Diese Meditation finde ich gut und sie entspricht den Gedanken, welche ich euch gerne zum heutigen Karfreitag auf diesem Weg weitergeben möchte.

Die Worte Jesu am Kreuz

Sieben Kreuzesworte Jesu sind uns überliefert, allesamt kurz.
Diese Zahl ergibt sich, wenn man alle vier Evangelien berücksichtigt. Keines der Evangelien hat alle Worte überliefert. Von Lukas und Johannes sind es je drei, und von Matthäus und Markus gemeinsam eines. Es ist das Einzige, das von zwei Evangelisten bezeugt wird. Und es ist das einzige Kreuzwort, das auch in der Originalsprache, in der Jesus es ausgerufen hat, aufbehalten ist: auf Aramäisch. Dadurch ist seine Bedeutung unterstrichen. Es steht denn auch in der Mitte der sieben Worte. An ihm wollen wir Schuldbekenntnis und Vergebungszuspruch anschliessen.

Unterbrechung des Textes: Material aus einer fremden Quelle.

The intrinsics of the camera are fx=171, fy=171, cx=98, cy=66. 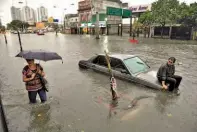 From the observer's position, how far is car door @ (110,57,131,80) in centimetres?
705

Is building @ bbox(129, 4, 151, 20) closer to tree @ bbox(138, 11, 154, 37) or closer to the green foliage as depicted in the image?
tree @ bbox(138, 11, 154, 37)

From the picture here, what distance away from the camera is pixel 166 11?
31.7 meters

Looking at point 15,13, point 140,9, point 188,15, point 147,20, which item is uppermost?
point 15,13

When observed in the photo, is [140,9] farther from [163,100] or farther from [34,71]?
[34,71]

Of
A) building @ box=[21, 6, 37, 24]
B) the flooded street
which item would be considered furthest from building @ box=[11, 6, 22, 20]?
the flooded street

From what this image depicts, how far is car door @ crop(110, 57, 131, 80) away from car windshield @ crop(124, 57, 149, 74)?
192 mm

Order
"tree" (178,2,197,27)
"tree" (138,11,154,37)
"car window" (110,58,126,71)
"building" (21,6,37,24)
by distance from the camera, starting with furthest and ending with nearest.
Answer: "building" (21,6,37,24) → "tree" (138,11,154,37) → "tree" (178,2,197,27) → "car window" (110,58,126,71)

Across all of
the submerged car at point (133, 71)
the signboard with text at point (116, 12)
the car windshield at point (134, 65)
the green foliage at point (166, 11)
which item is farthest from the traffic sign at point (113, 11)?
the car windshield at point (134, 65)

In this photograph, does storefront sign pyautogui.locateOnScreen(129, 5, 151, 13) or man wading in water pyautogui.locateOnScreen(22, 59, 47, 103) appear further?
storefront sign pyautogui.locateOnScreen(129, 5, 151, 13)

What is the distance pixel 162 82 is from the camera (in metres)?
6.12

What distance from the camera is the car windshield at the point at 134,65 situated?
7.15 metres

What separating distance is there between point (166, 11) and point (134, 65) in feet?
93.8

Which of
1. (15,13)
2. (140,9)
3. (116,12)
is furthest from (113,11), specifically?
(15,13)

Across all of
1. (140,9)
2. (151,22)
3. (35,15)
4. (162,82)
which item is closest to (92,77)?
(162,82)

Bei den sieben Kreuzesworten Jesu geht es um die Bedeutung für IHN und die Bedeutung für uns. Wir tun das in drei Teilen und haben bei der Musik dazwischen Zeit, das Gehörte zu bedenken.

1. Die drei Anfangsworte

Vater, vergib ihnen; denn sie wissen nicht, was sie tun! (Lk 23,34)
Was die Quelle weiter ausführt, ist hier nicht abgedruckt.